§ What is needed:
Look at the data below and print exactly the lines from its first line through the line with "Ramiro González, Tampa"; the pictures stay out of the copy.

**** Information given ****

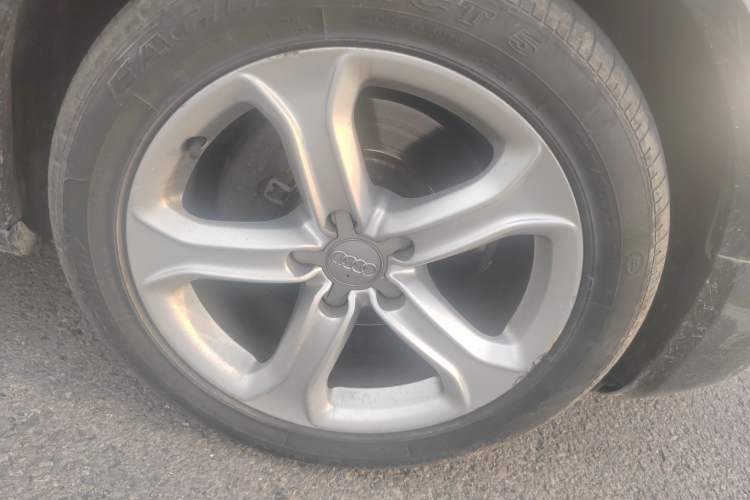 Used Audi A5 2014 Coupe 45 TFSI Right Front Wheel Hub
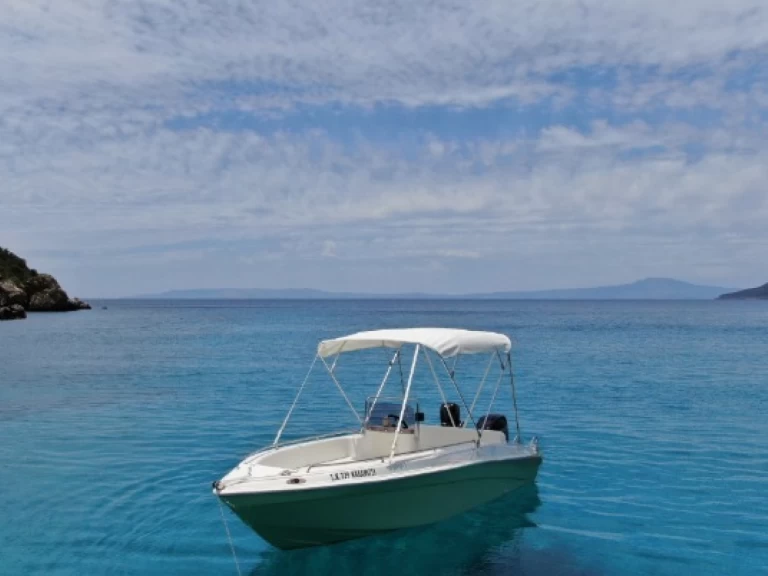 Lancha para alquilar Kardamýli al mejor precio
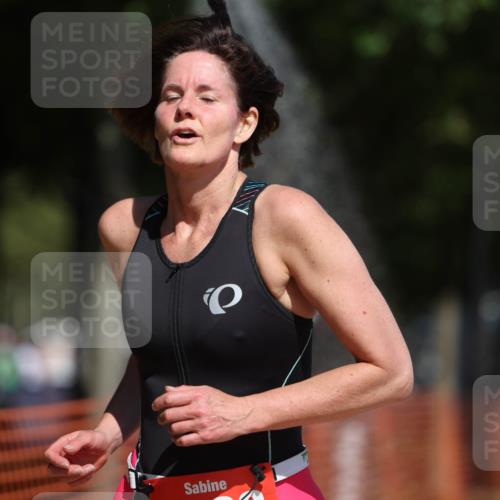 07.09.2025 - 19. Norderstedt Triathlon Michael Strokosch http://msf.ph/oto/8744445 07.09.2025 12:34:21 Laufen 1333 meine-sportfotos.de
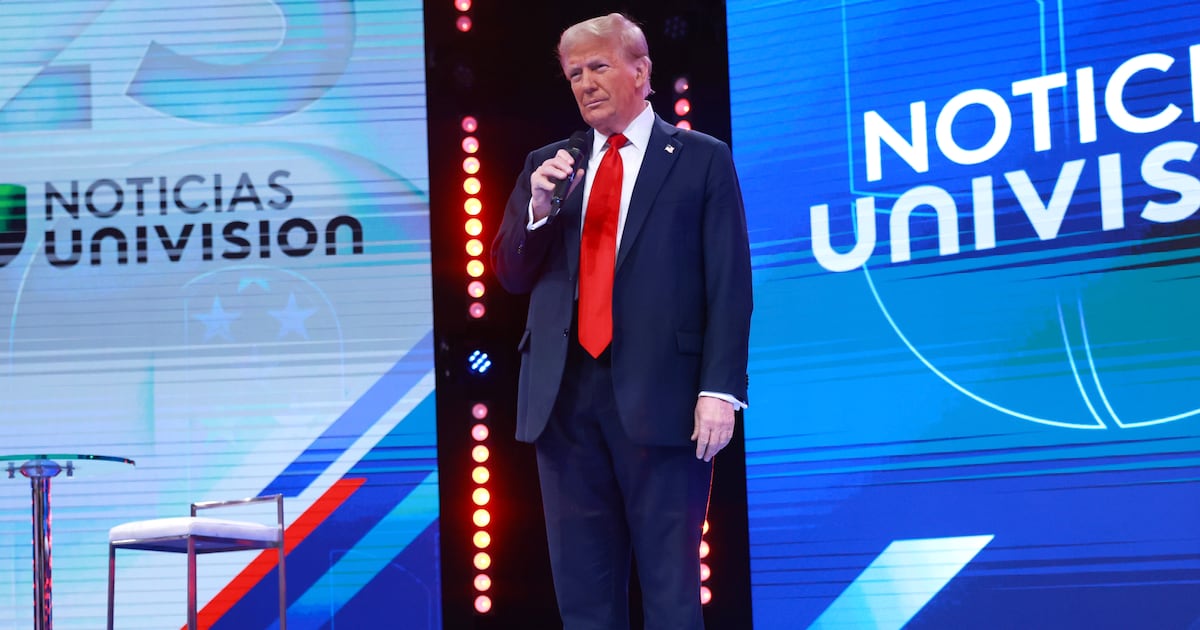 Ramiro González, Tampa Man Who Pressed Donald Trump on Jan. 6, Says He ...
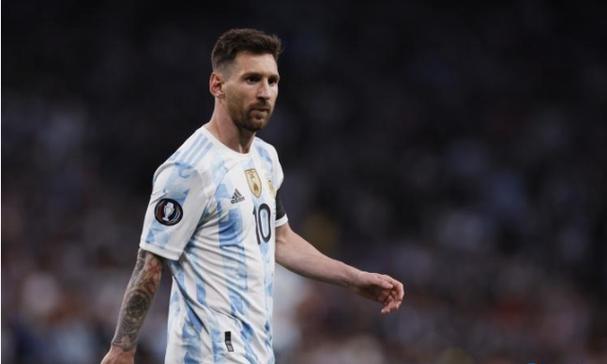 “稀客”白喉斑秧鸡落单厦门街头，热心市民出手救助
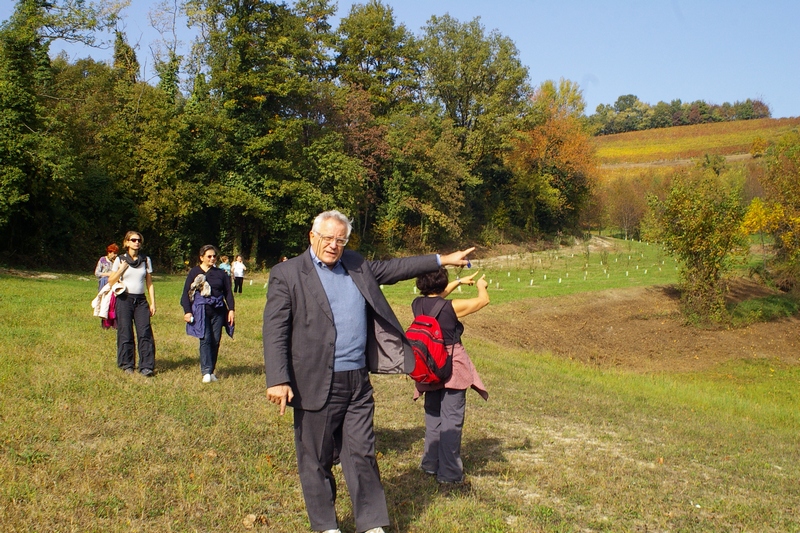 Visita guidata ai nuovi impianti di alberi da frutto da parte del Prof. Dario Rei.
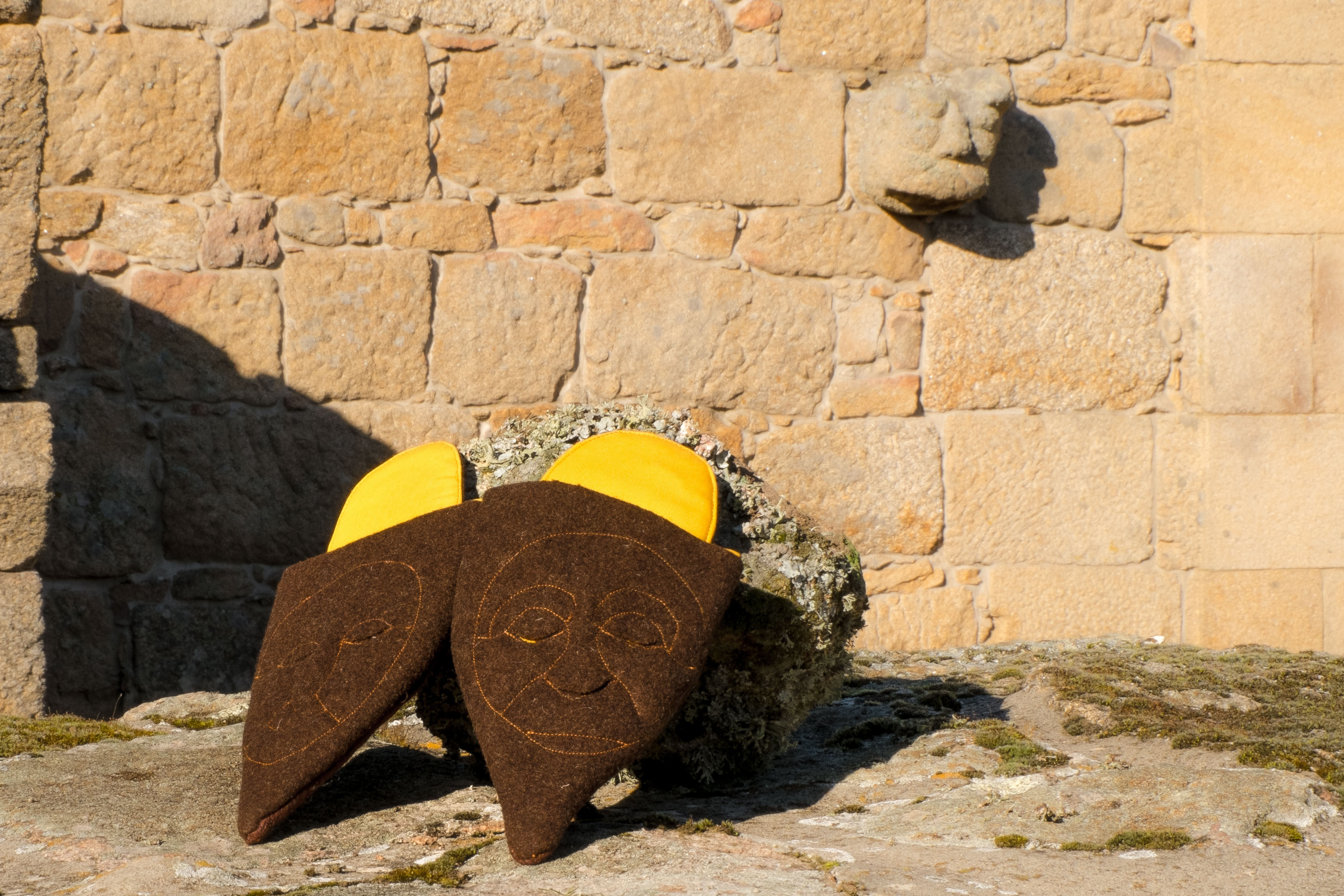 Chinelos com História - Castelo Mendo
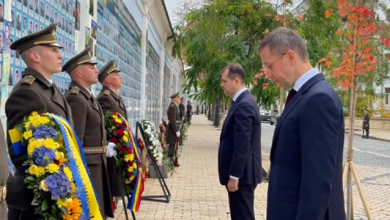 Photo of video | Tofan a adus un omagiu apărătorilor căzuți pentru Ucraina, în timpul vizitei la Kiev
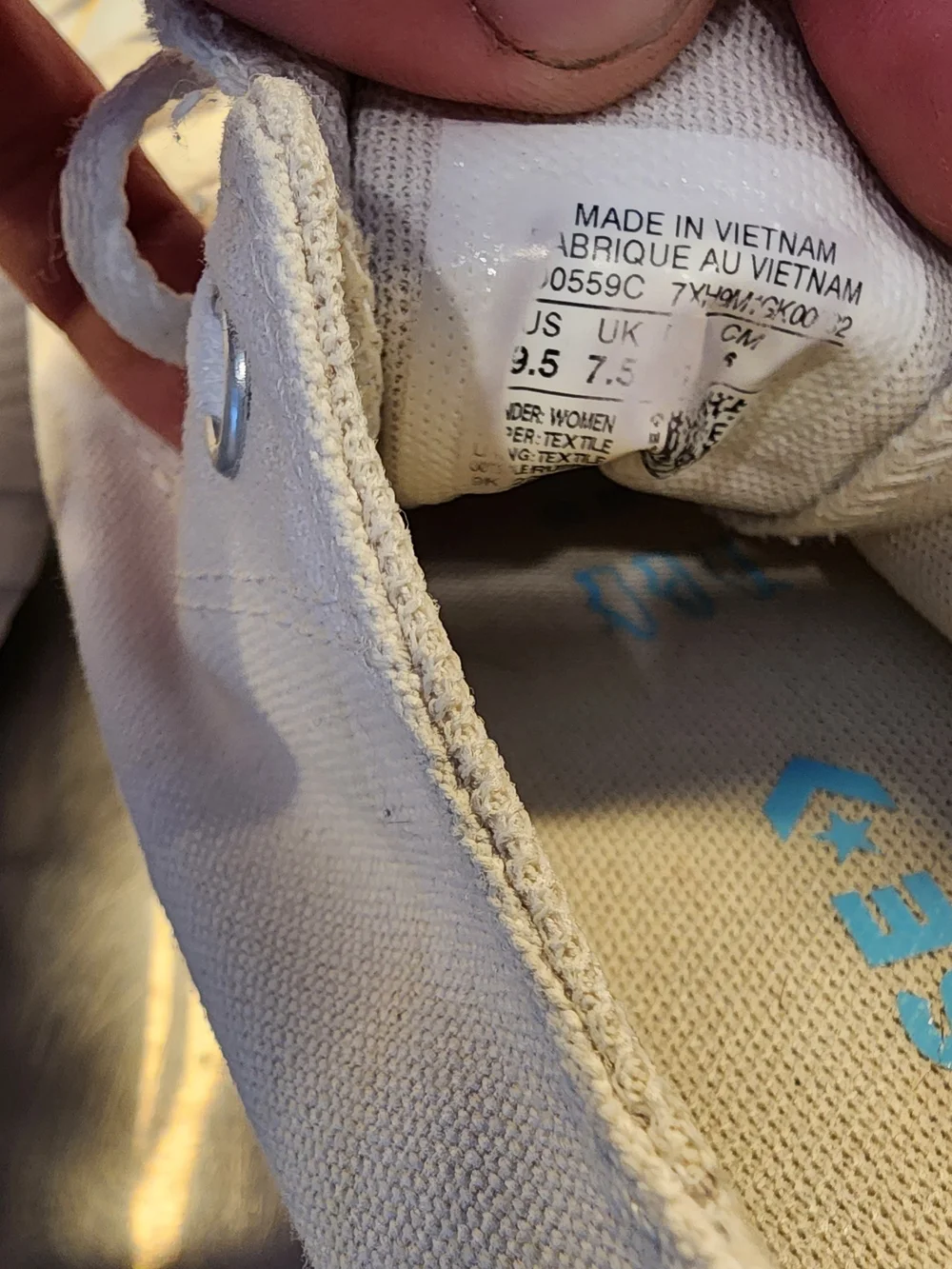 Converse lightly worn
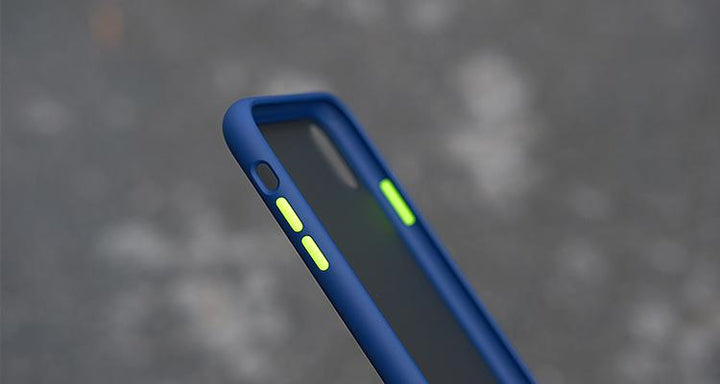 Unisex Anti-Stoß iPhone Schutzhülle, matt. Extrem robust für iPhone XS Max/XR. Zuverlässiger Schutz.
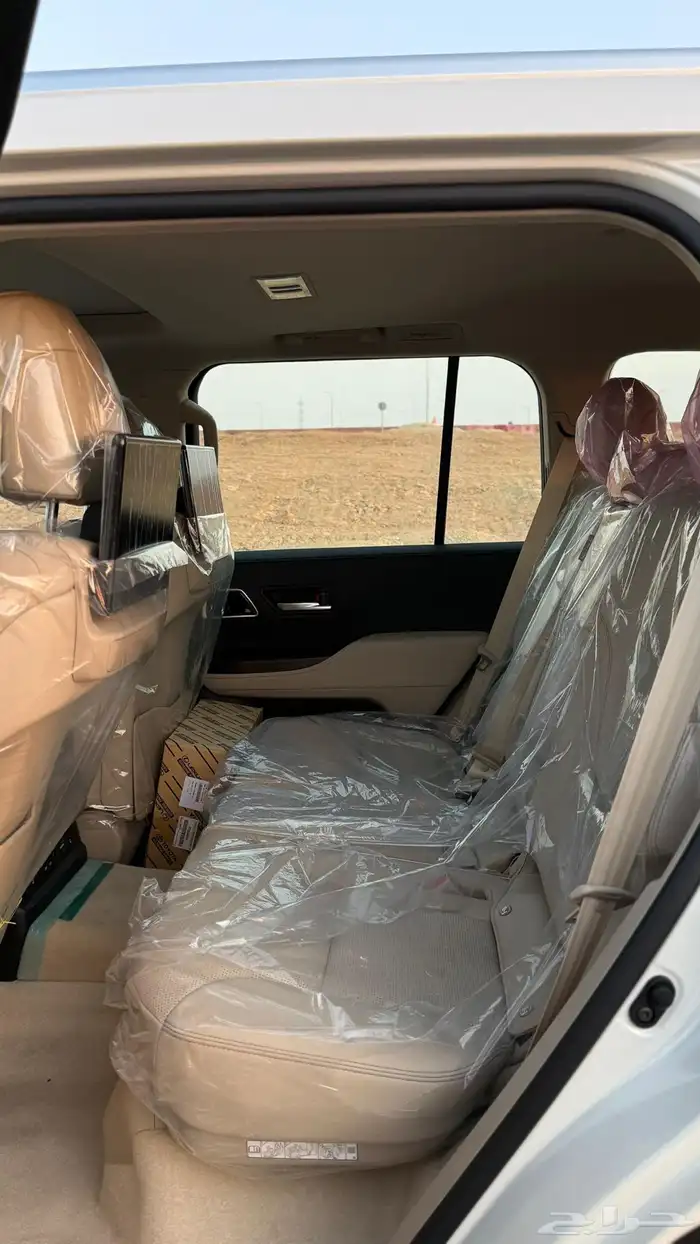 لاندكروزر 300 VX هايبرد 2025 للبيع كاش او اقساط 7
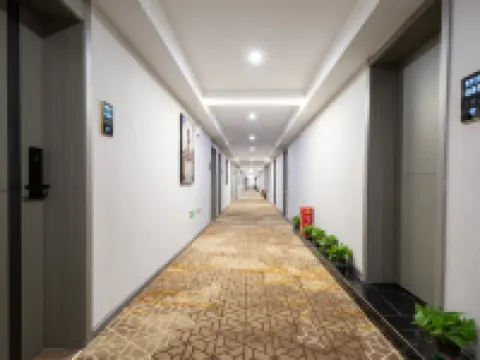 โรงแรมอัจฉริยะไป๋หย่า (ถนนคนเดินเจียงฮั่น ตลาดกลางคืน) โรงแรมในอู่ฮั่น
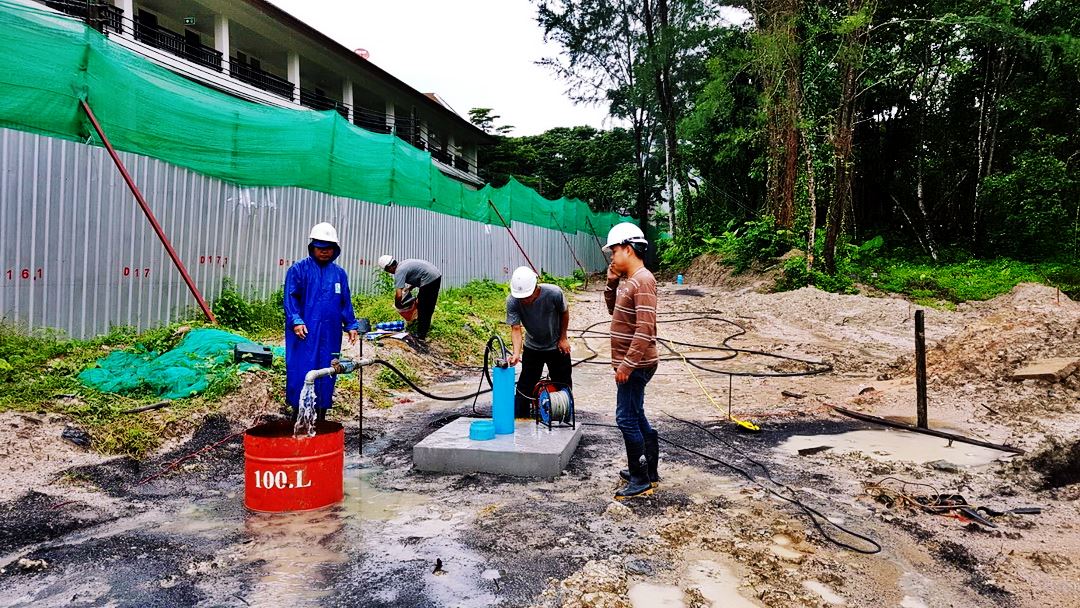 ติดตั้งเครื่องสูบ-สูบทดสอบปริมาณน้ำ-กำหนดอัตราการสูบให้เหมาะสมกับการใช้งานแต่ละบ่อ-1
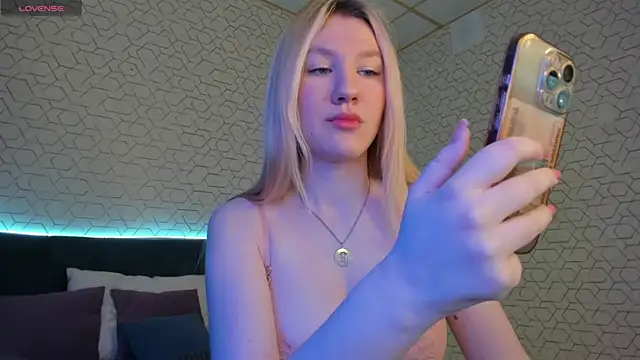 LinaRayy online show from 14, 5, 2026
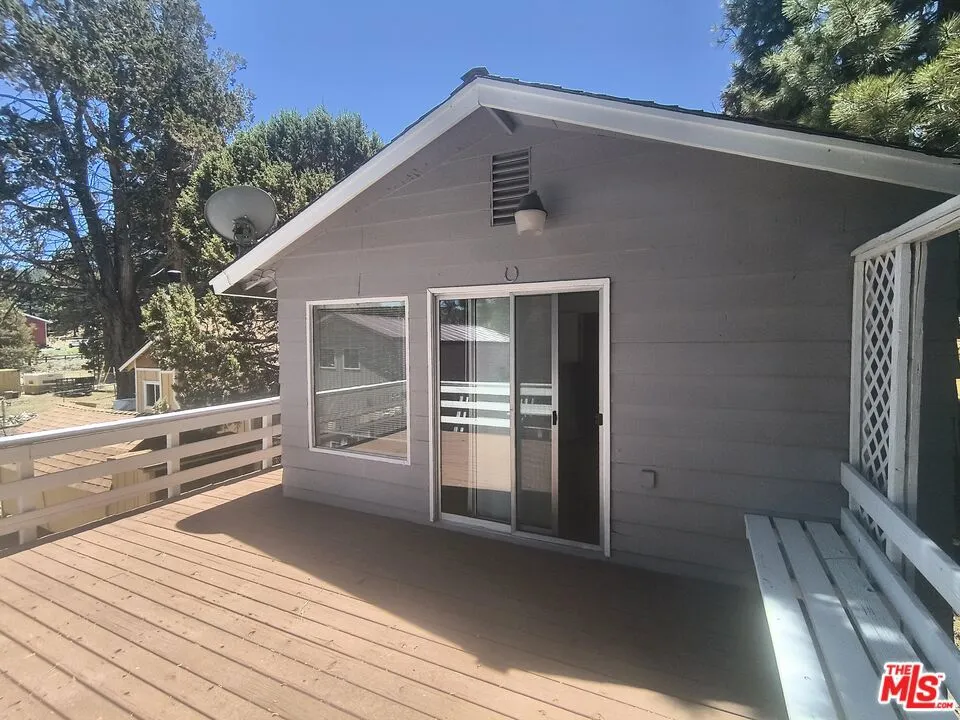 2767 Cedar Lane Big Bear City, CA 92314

****

§ Task result:
 Used Audi A5 2014 Coupe 45 TFSI Right Front Wheel Hub
 Lancha para alquilar Kardamýli al mejor precio
 07.09.2025 - 19. Norderstedt Triathlon Michael Strokosch http://msf.ph/oto/8744445 07.09.2025 12:34:21 Laufen 1333 meine-sportfotos.de
 Ramiro González, Tampa Man Who Pressed Donald Trump on Jan. 6, Says He ...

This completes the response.